Why?  E.g. for integral code other than division or memory loads/stores where
nothing will really trap, you can just perform it unguarded.
Just use whatever the vectorizer does right now for conditional code, and if
that isn't as efficient as it could be given a particular HW/ISA, try to improve
it?

I really don't see how is it different say from SSE2 on x86 or even AVX.

Jakub



Re: GLIBC libmvec status

2020-02-27 Thread Bill Schmidt

On 2/27/20 8:52 AM, Jakub Jelinek wrote:

On Thu, Feb 27, 2020 at 08:47:19AM -0600, Bill Schmidt wrote:

But is this actually a good idea?  It seems to me this will generate lousy
code in the absence of hardware support.  Won't we be better off warning and
ignoring the directive, leaving the code in scalar form?

Depends on the exact code, I think sometimes it will be just fine and will
allow vectorizing something that really couldn't be otherwise.
Isn't it better to leave it for the user to decide?
They can always ask for it not to be generated (add notinbranch) if it isn't
worthwhile.


You need a high ratio of unguarded code to guarded code in order to pay for all
those vector extract and reconstruct operations.  Sure, some code will be fine,
but a lot of code will be lousy.  This will be particularly true on older
hardware with a less exhaustive set of vector operations.

In the lousy-code case, my concern is that the user won't be savvy enough to
understand they should add notinbranch.  They'll just notice that their code
runs badly on Power and either complain (good, then we can explain it) or
abandon porting existing code to Power (very bad, and we may never know).
I don't like the downside, and the upside is quite unpredictable.

Bill



Jakub



Re: GLIBC libmvec status

2020-02-27 Thread Jakub Jelinek
On Thu, Feb 27, 2020 at 08:47:19AM -0600, Bill Schmidt wrote:
> But is this actually a good idea?  It seems to me this will generate lousy
> code in the absence of hardware support.  Won't we be better off warning and
> ignoring the directive, leaving the code in scalar form?

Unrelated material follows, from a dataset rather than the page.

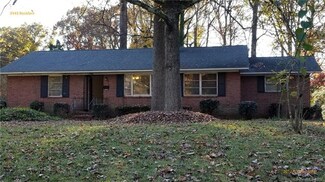 3945 Rockfern Rd, Charlotte, NC 28217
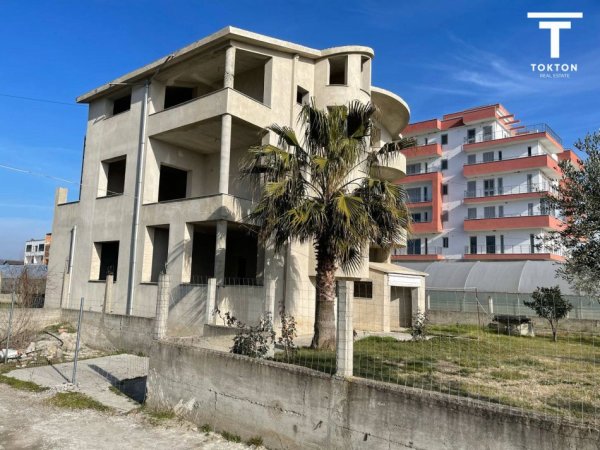 Kavaje, shitet Godine , 480 m² 280.000 € (Qerret) TT 1056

Depends on the exact code, I think sometimes it will be just fine and will
allow vectorizing something that really couldn't be otherwise.
Isn't it better to leave it for the user to decide?
They can always ask for it not to be generated (add notinbranch) if it isn't
worthwhile.

Jakub



Re: GLIBC libmvec status

2020-02-27 Thread Bill Schmidt

On 2/26/20 8:31 AM, Jakub Jelinek wrote:

On Wed, Feb 26, 2020 at 07:55:53AM -0600, Bill Schmidt wrote:

The hope is that we can create a vectorized version that returns values
in registers rather than the by-ref parameters, and add code to GCC to
copy things around correctly following the call.  Ideally the signature of
the vectorized version would be sth like

   struct retval {vector double, vector double};
   retval vecsincos (vector double);

In the typical case where calls to sincos are of the form

   sincos (val[i], &sinval[i], &cosval[i]);

this would allow us to only store the values in the caller upon return,
rather than store them in the callee and potentially reload them
immediately in the caller.  On some Power CPUs, the latter behavior can
result in somewhat costly stalls if the consecutive accesses hit a timing
window.

But can't you do
#pragma omp declare simd linear(sinp, cosp)
void sincos (double x, double *sinp, double *cosp);
?
That is something the vectorizer code could handle and for
   for (int i = 0; i < 1024; i++)
 sincos (val[i], &sinval[i], &cosval[i]);
just vectorize it as
   for (int i = 0; i < 1024; i += vf)
 _ZGVbN8vl8l8_sincos (*(vector double *)&val[i], &sinval[i], &cosval[i]);
Anything else will need specialized code to handle sincos specially in the
vectorizer.


After reading all the discussion on this thread, yes, I agree for now.
It will be good for everybody if we can get the vectorized cexpi sorted
out at some point, which will give us a superior interface.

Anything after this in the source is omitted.